Outra carvoaria de Piracaia flagrada com trabalho escravo, que produzia marca própria, o Carvão Atibainha, também vendia sua produção para as marcas Tennessee, Vila Carrão, São Carlos e Le Petit Filet. O padrão de violações era semelhante às das demais carvoarias onde houve flagrante de trabalho escravo: falta de registro em carteira, pagamento por produção, e falta de equipamentos de proteção, refeitório, sanitário e água potável. O fechamento das embalagens era feito por meio de uma máquina, manuseada pelos trabalhadores. O risco de lesões nas mãos era evidente. Antes de ir para Piracaia, um dos trabalhadores contou que trabalhava na limpeza dos vidros de um prédio na Avenida Paulista, em São Paulo. Com duas hérnias, sem conseguir mais emprego com carteira assinada, mudou de profissão. Há um mês trabalhando como carvoeiro, ganhava em torno de R$ 900 por mês, R$ 26 por cada forno que enchia com madeira.
Procurada, a Central de Carnes Tennessee, rede de açougues da capital paulista dona da marca de carvão Tennessee, não havia enviado um posicionamento até o fechamento desta reportagem. Já os responsáveis pelo Carvão Atibainha não quiseram dar declarações. A reportagem não obteve sucesso em contatar as demais marcas.
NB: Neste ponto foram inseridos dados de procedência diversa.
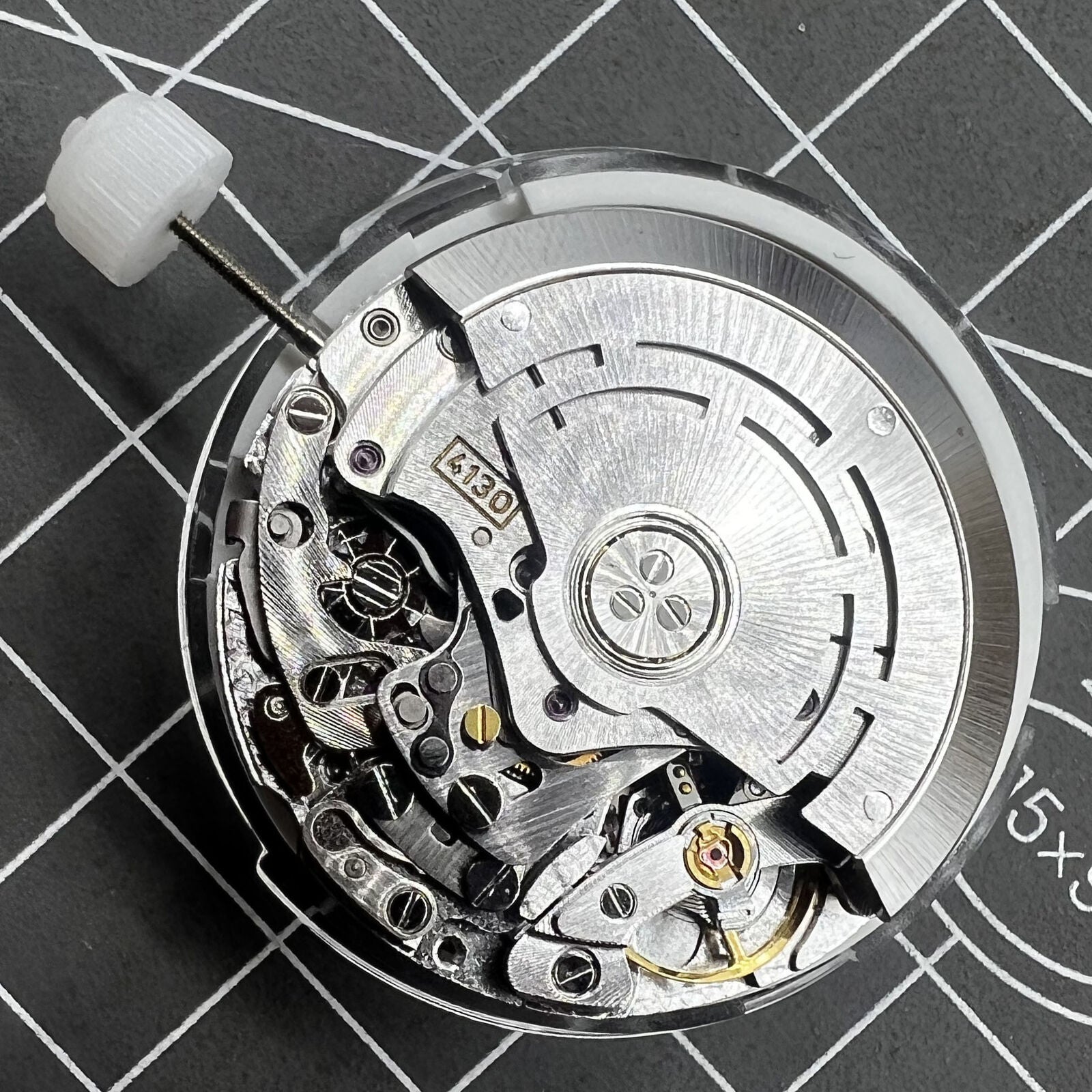 Chinese 4130 automatic watch movement with multifunctional small seconds at 3, 6, and 9 o'clock for precise timekeeping.
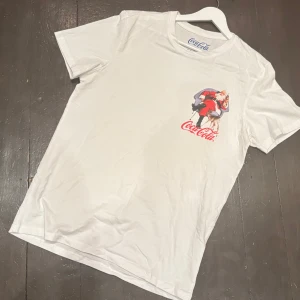  Jack & Jones T-Shirt -  Denna Jack & Jones T-shirt är i samarbete med Coca-Cola, Och har ett tryck på vänster bröst. Tröjan är i toppskick, Och är knappt använd. Den sitter som M. Modellen på bilden är 188 cm lång och väger 70kg. Om du har några frågor är det bara att skriva!   //  T-Arkivet 😊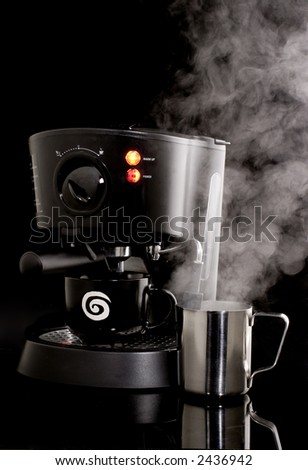 Espresso machine in use with frothing cup and steam against black background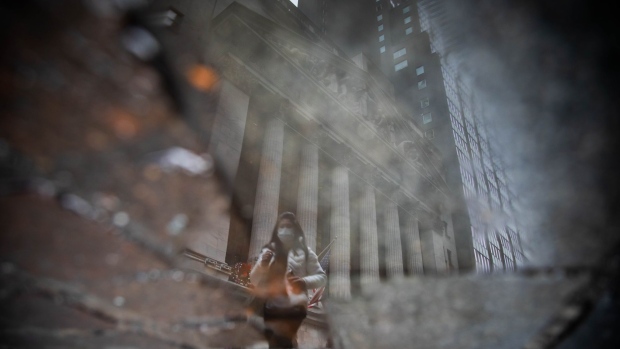 A pedestrian reflected in a puddle outside the New York Stock Exchange (NYSE) in New York, U.S., on Friday, Dec. 31, 2021. U.S. stocks swung between gains and losses, with moves exacerbated by thin trading on the last session of the year.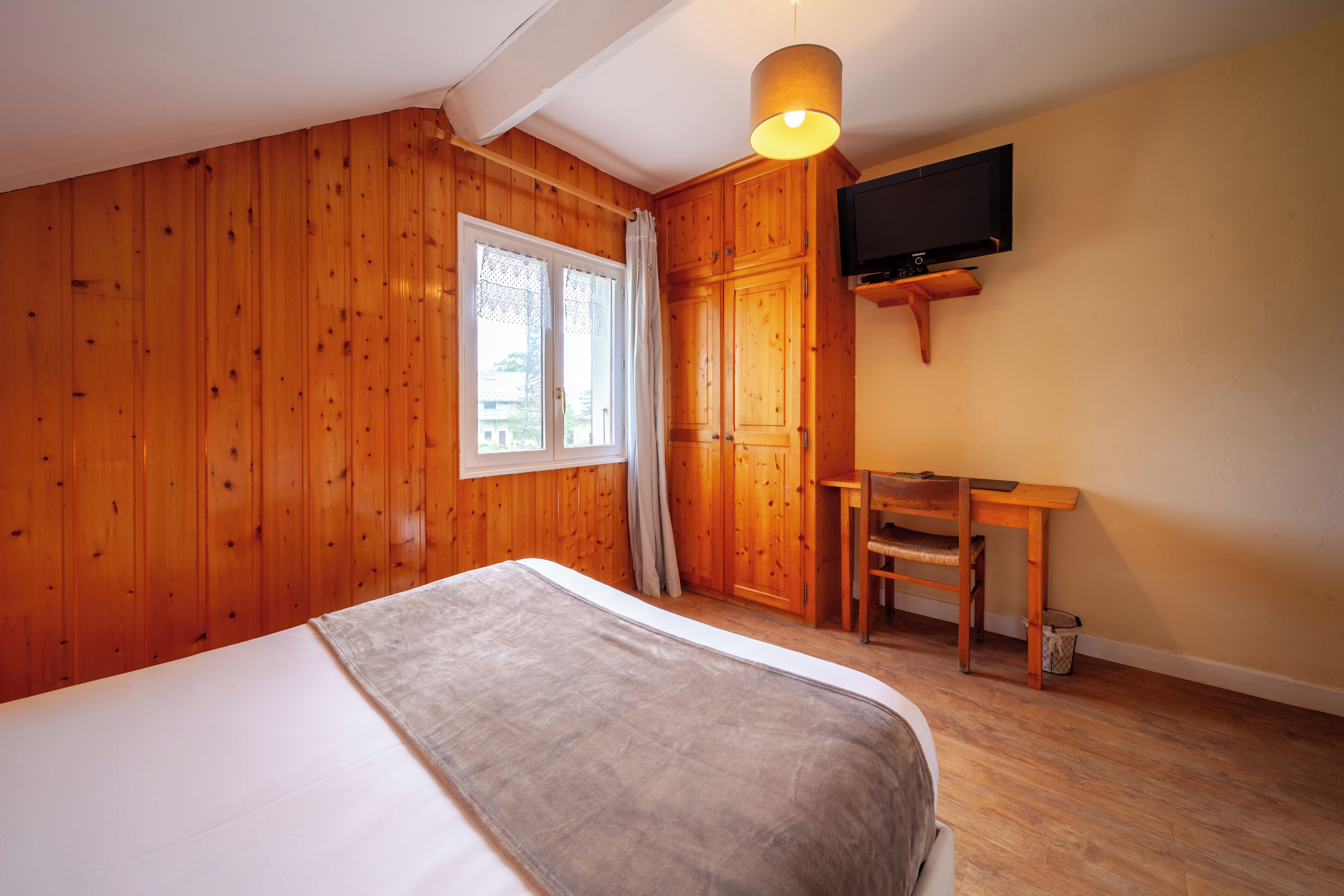 Une pièce aux murs en bois, un lit recouvert d’une couverture grise, un bureau avec une chaise et un téléviseur fixé au mur.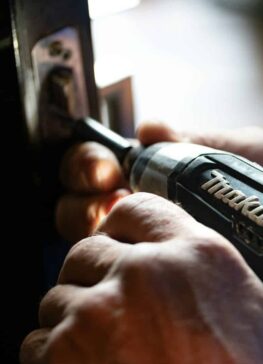 selective focus photography blue and black Makita power drill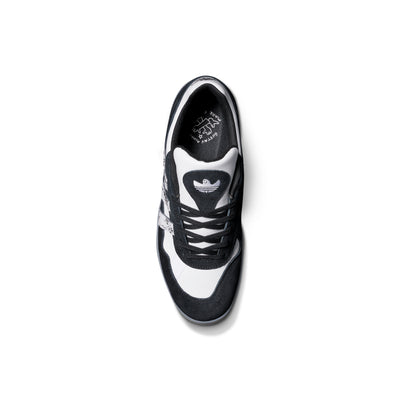 Black and white adidas x gustav tonnesen aloha sneaker with Adidas logo and a clear sole on a white background
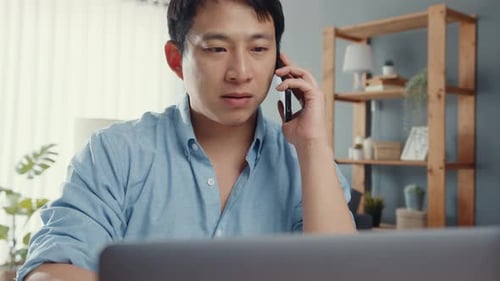 Young Adult on Mobile Phone Using Laptop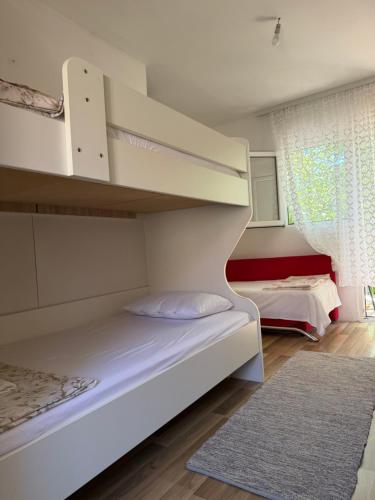 a bedroom with a bunk bed and a staircase at The Lakehouse in Krnjice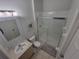 Clean bathroom with shower/tub combo, vanity, and tiled floors at 2407 Silver Palm Dr, Kissimmee, FL 34747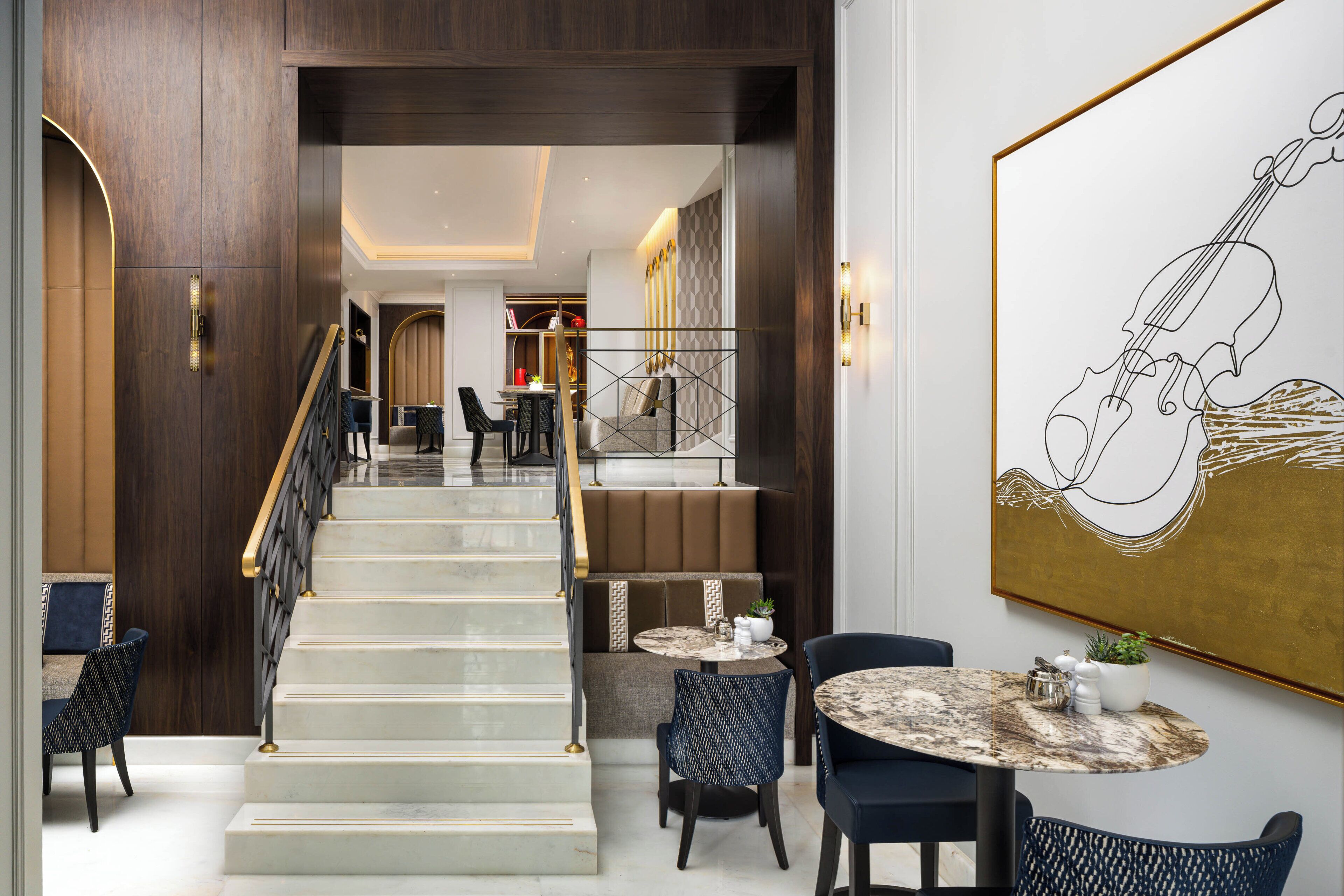 A modern hotel lobby with a marble staircase, seating area, and a large abstract painting.
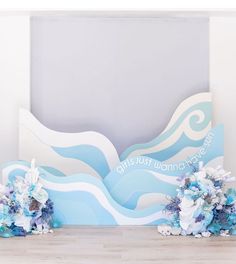 two blue and white bouquets sitting on top of a wooden floor next to a wall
Em Joanópolis, a operação constatou inúmeras irregularidades trabalhistas, mas que não configuraram trabalho análogo à escravidão, segundo os fiscais. No município, no entanto, foram encontrados quatro casos de trabalho infantil, em uma carvoaria cujo cliente exclusivo era o Carvão São José. Em Pedra Bela, tampouco houve flagrante de escravidão, mas uma criança foi encontrada trabalhando.
À Repórter Brasil, José Roberto Veríssimo, um dos proprietários do Carvão São José, que divulgou uma nota à imprensa, afirmou que a empresa não tinha conhecimento das condições de trabalho de sua fornecedora. Além disso, disse que na verdade eram três adolescentes empregados, não quatro. “Temos seis produtores parceiros, e somente um deles apresentava condições que a gente desconhecia. Eles embalam nossos produtos, somos a última ponta da cadeia. Recebemos a visita dos representantes do Ministério do Trabalho e do Ministério Público do Trabalho e eles disseram que tínhamos sim responsabilidade”. Na quinta-feira, 23, a empresa, na presença da Justiça do Trabalho, indenizou os adolescentes que trabalhavam na carvoaria e registrou os demais trabalhadores. Além disso, assinou um Termo de Ajuste de Conduta (TAC) se comprometendo a ajudar a sanar as violações encontradas. “Pretendemos, em vez de abandonar nosso fornecedor, ajudá-lo a montar um sistema de empacotamento modelo, para que amanhã a mídia volte e veja o que foi feito”, diz Veríssimo.
Ciclo vicioso
No segundo dia da megaoperação, foram encontrados quinze trabalhadores em condições análogas à escravidão em duas carvoarias de Piracaia pertencentes à mesma empresa, o Carvão Cacique, de Bragança Paulista. Segundo o auditor fiscal José Weyne Nunes Marcelino, coordenador de um dos grupos móveis nacionais de combate ao trabalho escravo, a maioria dos trabalhadores resgatados trabalhavam no plantio e corte do eucalipto usado na produção de carvão. “Eles recebiam apenas a cada três ou quatro meses. Por isso, ficavam endividados nos mercados na cidade e eram obrigados a continuar a trabalhar para poderem receber e pagar as dívidas. Era um ciclo vicioso feito, consciente ou inconscientemente, para manter o pessoal no trabalho”, diz.
A empresa que comercializa o Carvão Cacique não foi localizada pela reportagem.
Na quinta-feira, 23 de janeiro, sete carvoarias fiscalizadas pela megaoperação assinaram TACs diante do MPT se comprometendo a eliminar as violações trabalhistas encontradas e a não contratar mão de obra infantil. Destas, três foram flagradas com trabalho escravo – elas se comprometeram a pagar verbas rescisórias e indenizações individuais aos resgatados até segunda-feira, dia 27.